My RAS is receiving messages from all over my body describing in gruesome details how badly that area is doing. Everything it is receiving is negative, but I am not part of the body, I am independent. I choose to tell my RAS that things aren’t that terrible. I cannot force the body to stop sending the depressing messages that everything is going badly nor stop it sending my RAS all the grisly details.There is actually method to this apparent madness. I need to take it easy and allow my body to recover. But what I do not need to do is to throw in the towel and give up completely. I cannot force the flu-like symptoms away but I can make the effort to be positive and suffer the least instead of the most. I may feel like I am dying the death of a thousand cuts and that the very molecules of the air are individually attacking every square inch of my body. In fact that is exactly how I do feel. but I can force myself to ignore the extra pain and discomfort I am feeling as a result of the RSD being made worse. This is not easy, but I can improve things. What I am trying, no scratch that word, trying suggests the possibility of defeat. What I am going to do is battle back as much as I possibly can.
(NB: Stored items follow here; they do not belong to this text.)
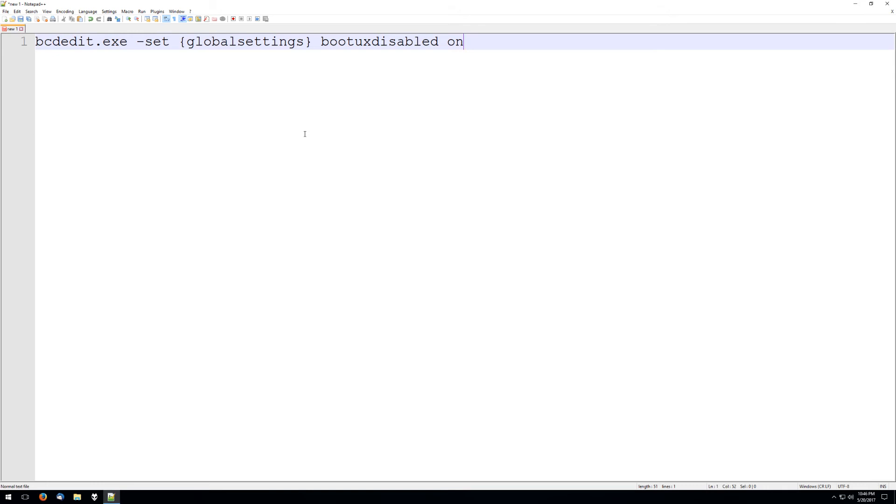So yeah, this is the command to do that. It's pretty useful for people who have arcade cabinets and run Windows 10.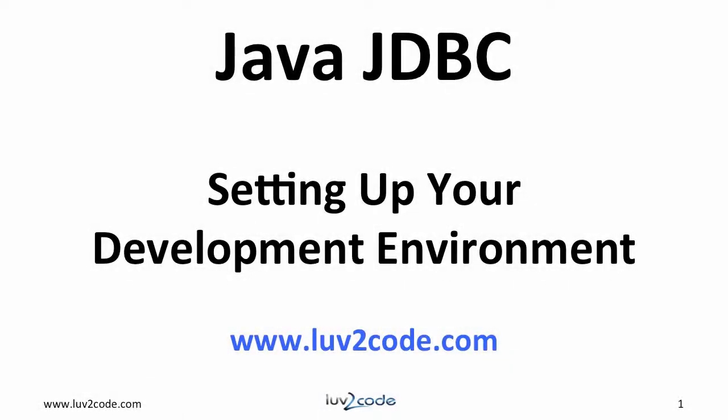Hi, this is Shah with love2code.com. Welcome back to another tutorial on Java JDBC.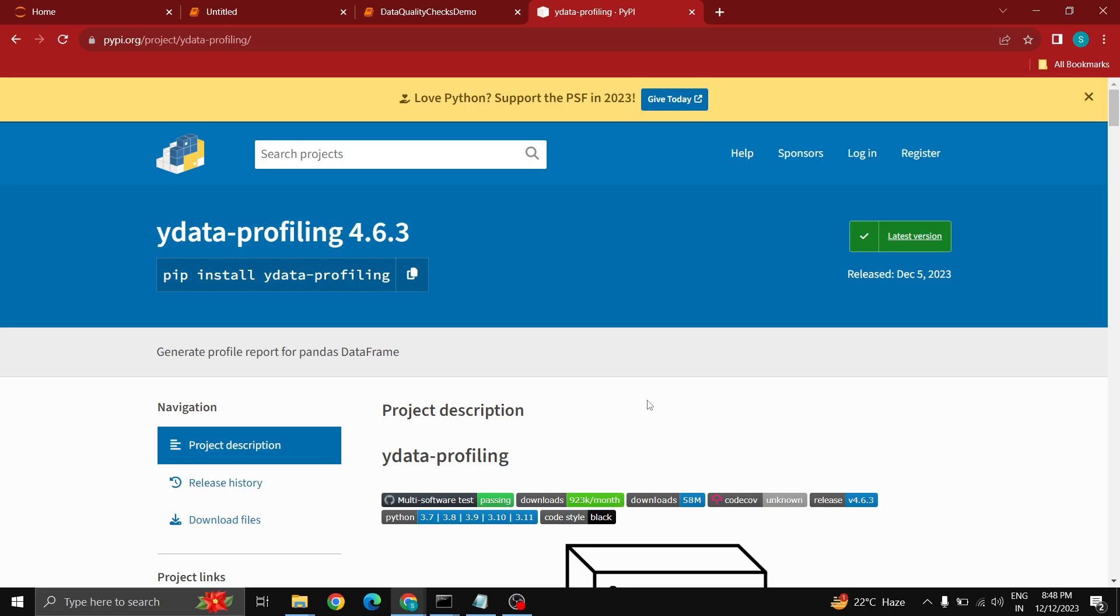Today we are planning to discuss ydata profiling, which is one of the important libraries for Python and will be helpful for all data engineers to do data analysis on different data sets or large data sets for reporting purposes. At the early stage you can identify issues in the data and see different formatting issues, date formatting issues, or any duplicates in your data set.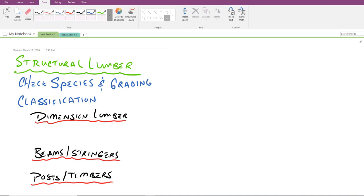What I'd like to do in this video is continue our conversation about how we identify the strength of timber products that we're using in our structures.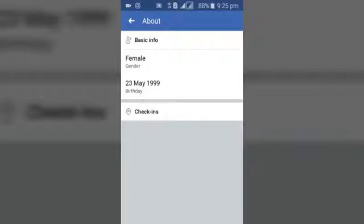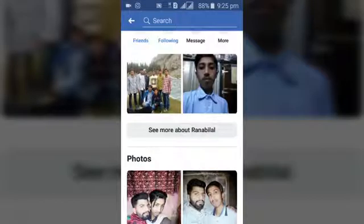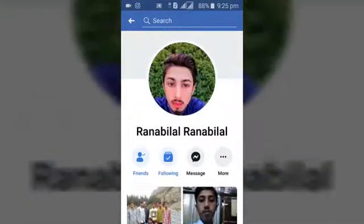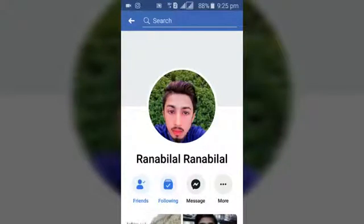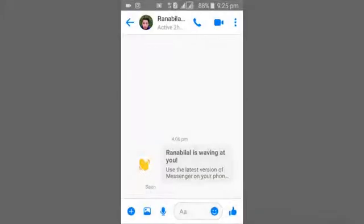Thank you for watching this video. This is just how to check someone's profile — and sorry for opening up someone's real profile here. This is just a very purpose-based video, so hopefully it helped you. Please like, share, and subscribe to my channel if you haven't done that already. I'll be making more videos daily, so see you some other time — let's have fun!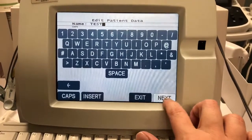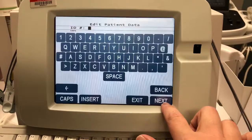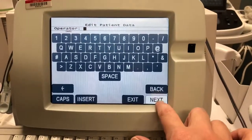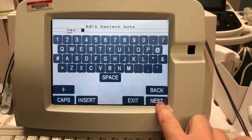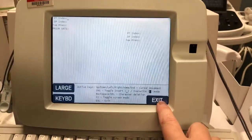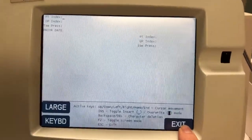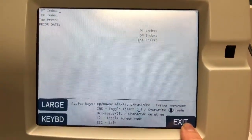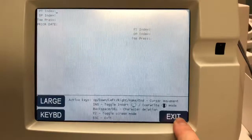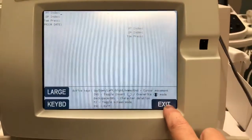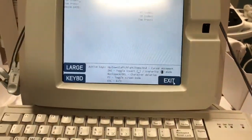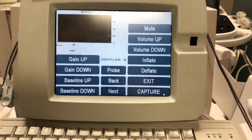Hit next. Their ID would be typed here. This is where you would put the patient's previous numbers if they had had a previous history of having an ABI done, but we're going to enter through those.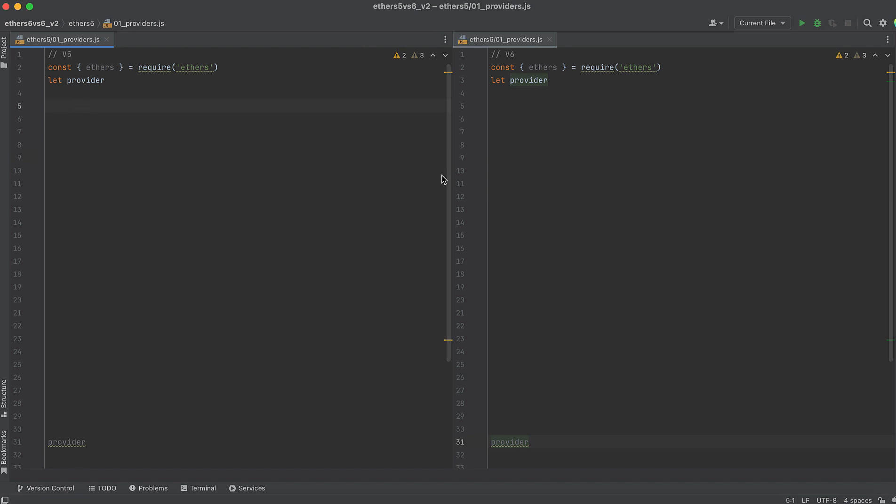I have two windows open here, and I'm going to show you how to accomplish the same thing with a Provider in versions 5 versus version 6.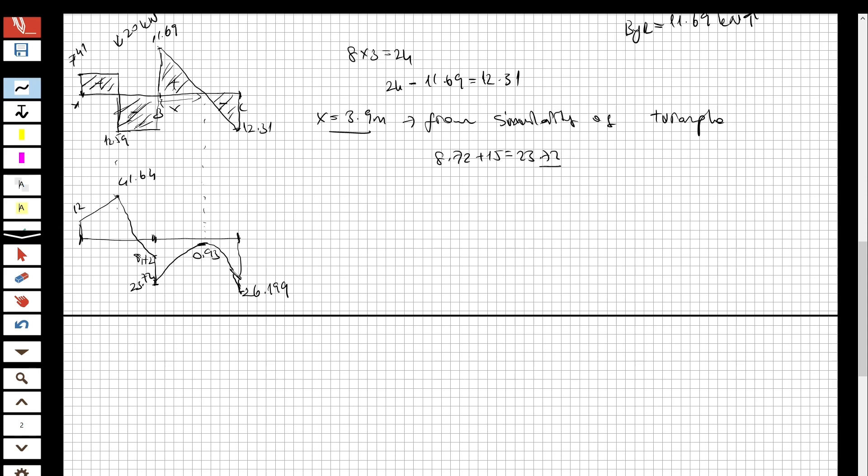Now the question is solved. You can see how we solve questions about the moment distribution method and draw the shear and moment diagrams of the beam. Thank you for watching — if you like these videos and want to see more, please subscribe and share with your friends. See you for the next question.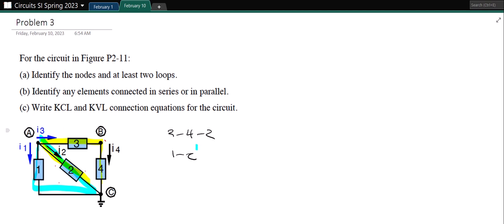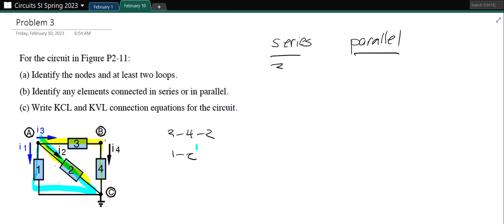Identify any elements connected in series or parallel. Elements 3 and 4 are in series, and together that combination is in parallel with element 2. Elements 1 and 2 are also in parallel, so 3 plus 4 in series is in parallel with 2, which is also in parallel with 1.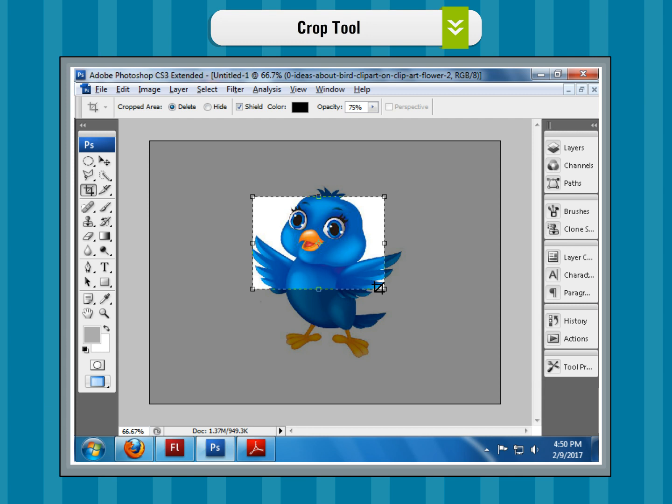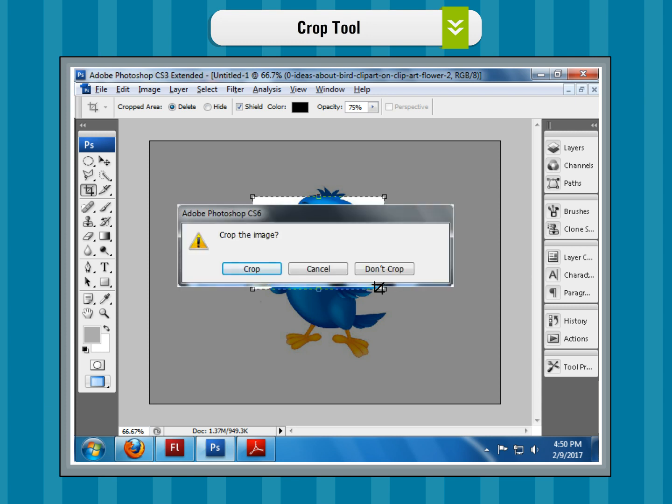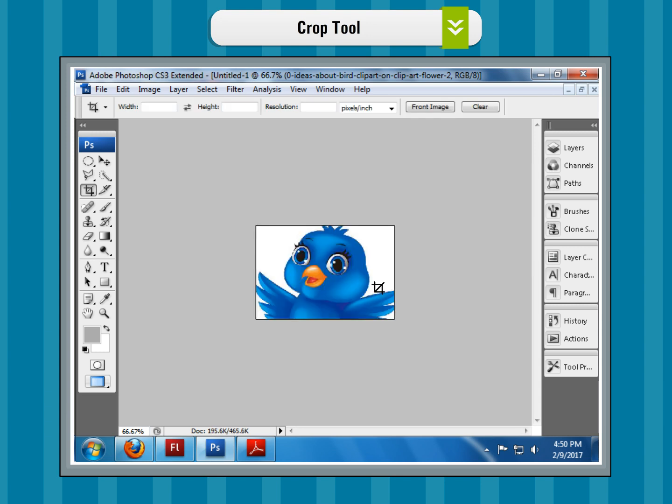The rest is discarded. Step 4: To complete the process of cropping an image, press the Enter key, or in the Options bar, click on the Commit button. Step 5: Confirm cropping an image in the prompted dialog box by clicking on the Crop button.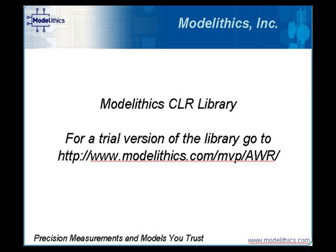That concludes this brief demonstration of the Modelithics CLR library. If you're interested in a free trial version of the library, please go to www.modelithics.com/mvp/awr.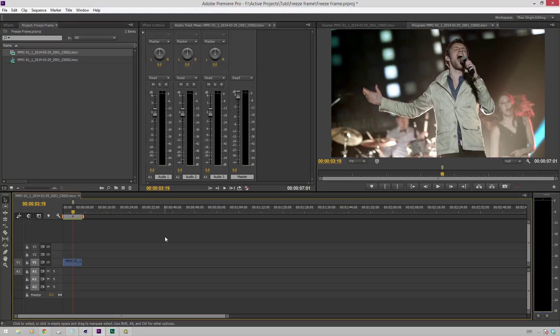Hello friends, my name is Theo, and today in this exciting Miss New Media tutorial, we're going to be learning how to add a freeze frame effect in Adobe Premiere Pro CC.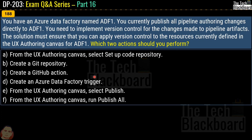Now question number 188. You have an Azure Data Factory named ADF1 and currently publish all pipeline authoring changes directly to ADF1. You need to implement version control for changes made to pipeline artifacts. The solution must ensure you can apply version control to resources currently defined in the UX authoring canvas for ADF1. Which two actions should you perform?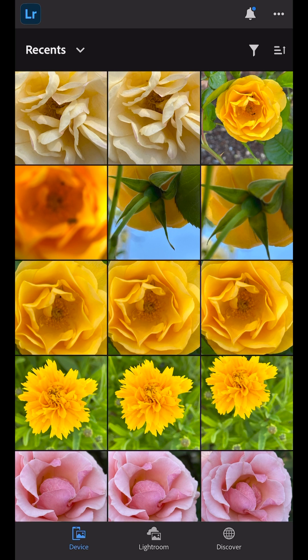Hi, I'm Julianne Kost. Let's take a moment to look at the new Edit from Camera Roll feature in Lightroom that allows us to quickly access photos on our device without having to import them first.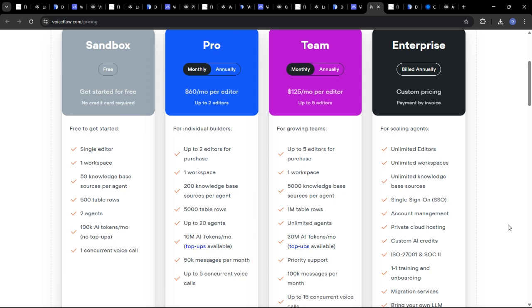If you're looking for a highly customizable open source platform, then go with FlowWise or LangFlow. If you need a managed solution with a strong focus on backend management, then DeFi is an excellent choice. VectorShift is great if you want a platform specializing in data pipelines. And if you're building conversational AI, VoiceFlow is hard to beat.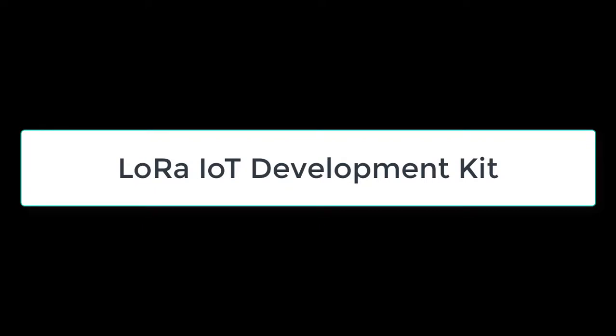Hi, YouTube! Today we are going to talk about how to use the LoRa IoT Development Kit.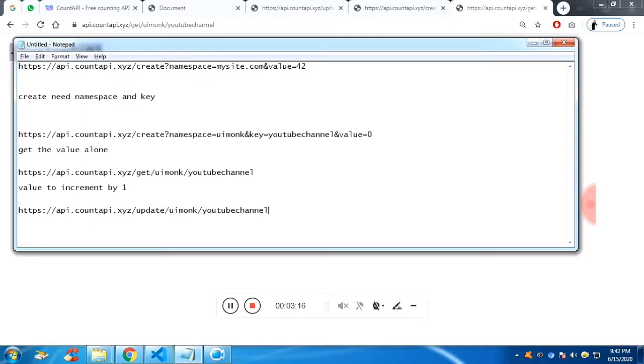And in the end, along with the namespace and key value, question mark amount equal to one. I'm saying that you have to increment by one.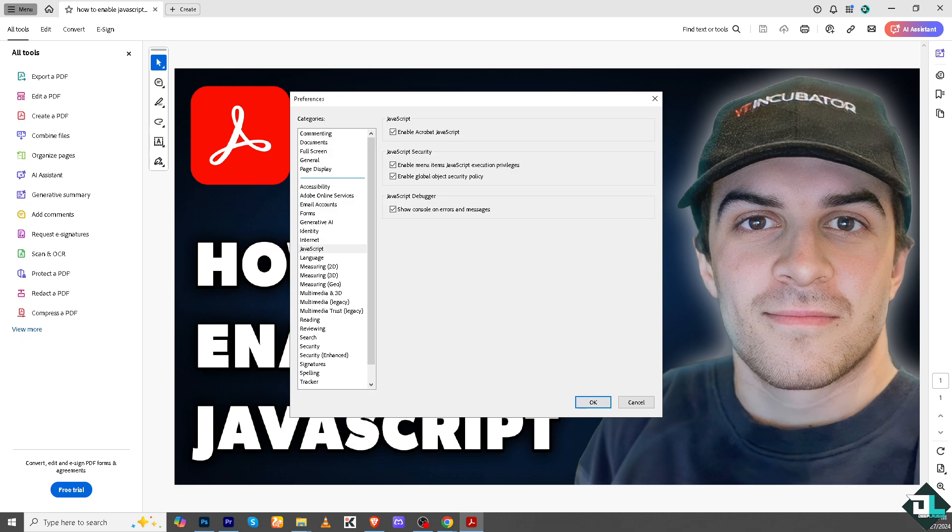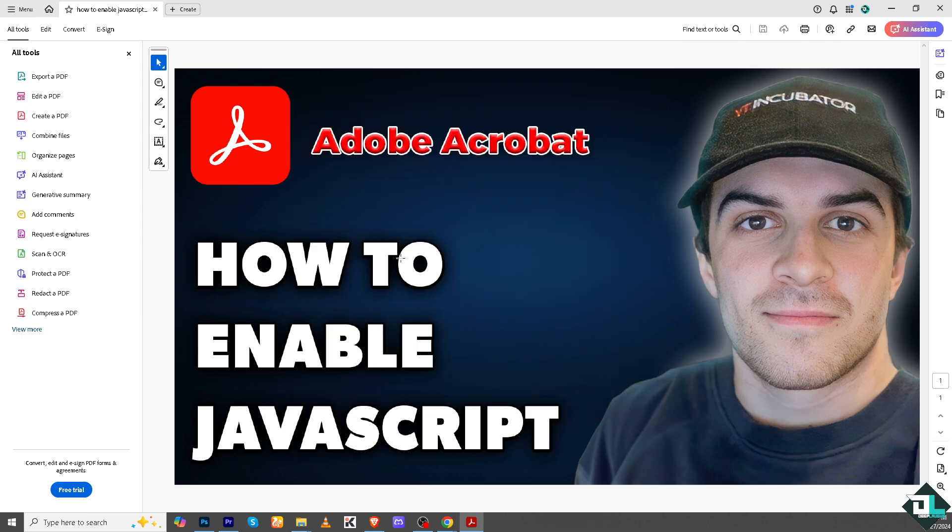And of course it allows you for data validation, ensuring that form fields are filled correctly before submission. Now JavaScript can display alerts or messages to guide users, for example notifying users if required fields are left blank. So there are a lot of purposes when you enable JavaScript here in Adobe Acrobat.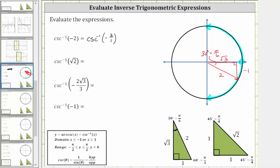Therefore, the angle we are looking for has its initial side along the positive x-axis and its terminal side along this ray. For the angle to be in the closed interval from negative pi over two to positive pi over two, we rotate clockwise, and therefore the angle is negative 30 degrees, or negative pi over six radians.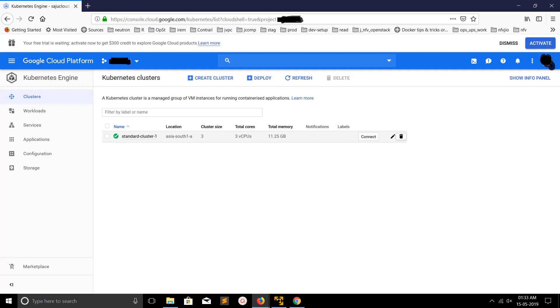In this project, you can see one Kubernetes cluster here with cluster size three, that means three nodes are there in this cluster. Number of cores is three, total memory 11.25 GB, location in Asia South 1.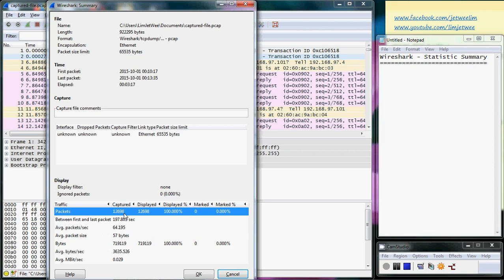The number of packets can actually tell me about anomalies that occur. Why is there suddenly such a huge amount of packets running through my server or running through this network during this period of time or during this particular job?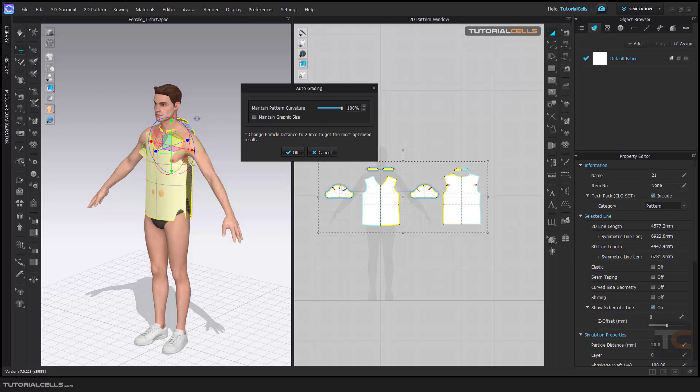And of course, important thing is here. It means change a particle distance to 20. When you select the particle distance, it's mean this. So maintain it to the default.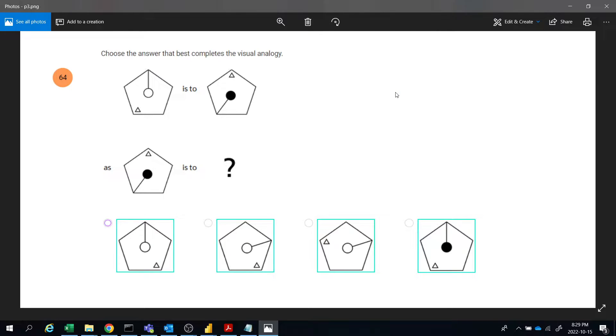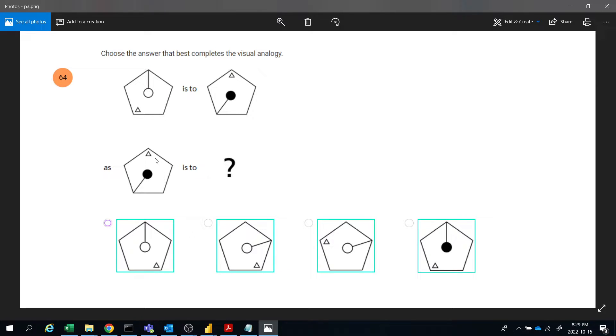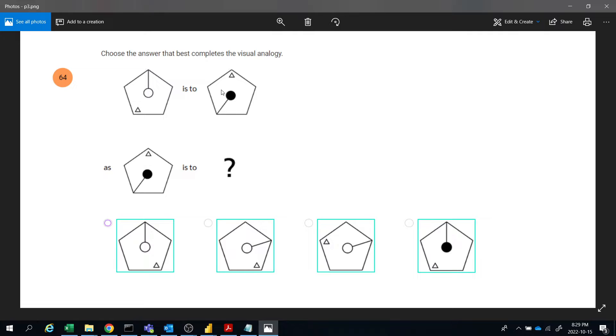Hi friends, welcome to ABNV tutorials. Today we'll see how to solve the Ravens matrices test. Here is a figure transformation problem - this figure transforms to which figure. Let's see the transformation between this figure and this figure.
If I can convince my RAS that, despite all evidence to the contrary, I don’t feel as bad as I should, considering what I am dealing with, I know I can also convince myself and my RAS that I am awesome, talented and wonderful. My RAS will then be able to get on with finding evidence of my awesomeness and ignore all evidence to the contrary. I can give it something else to concentrate other than the mind bending chronic pain that was already at a very high level and has been ratcheted up a couple of notches because of the varicella-zoster virus. I cannot totally ignore the pain, but, as I already suffer from a lot of pain, I can simply add the new one to the list that has pleurisy, orchitis and a few others. I can now add shingles and decide the new one is no more difficult to handle than any of the others. I intend to make my life as simple as I can so that I can help others, especially those who are members of my family and to make my life wonderful. Being positive is the only way I can do this is. My RAS will force me to find evidence to prove this fact or, if I let it, it will find things to discourage me. I choose what it searches for. The pain won’t go, but I can manage it the best I possibly can. I am left with many things I cannot do, but I can then concentrate on the things I can do and do them wonderfully.
If I can convince my broken down body that things are not that bad, or at least copacetic and be optimistic because, as Winston Churchill said, there is not much use being anything else, then you can tell your RAS how talented and wonderful you are.
Talk to yourself and tell your RAS that you are wonderful and talented. Force it to find evidence to prove you right and it will do so. When you see this evidence, acknowledge it and you will have begun to convince your RAS and yourself that you are in reality, awesome, talented and wonderful.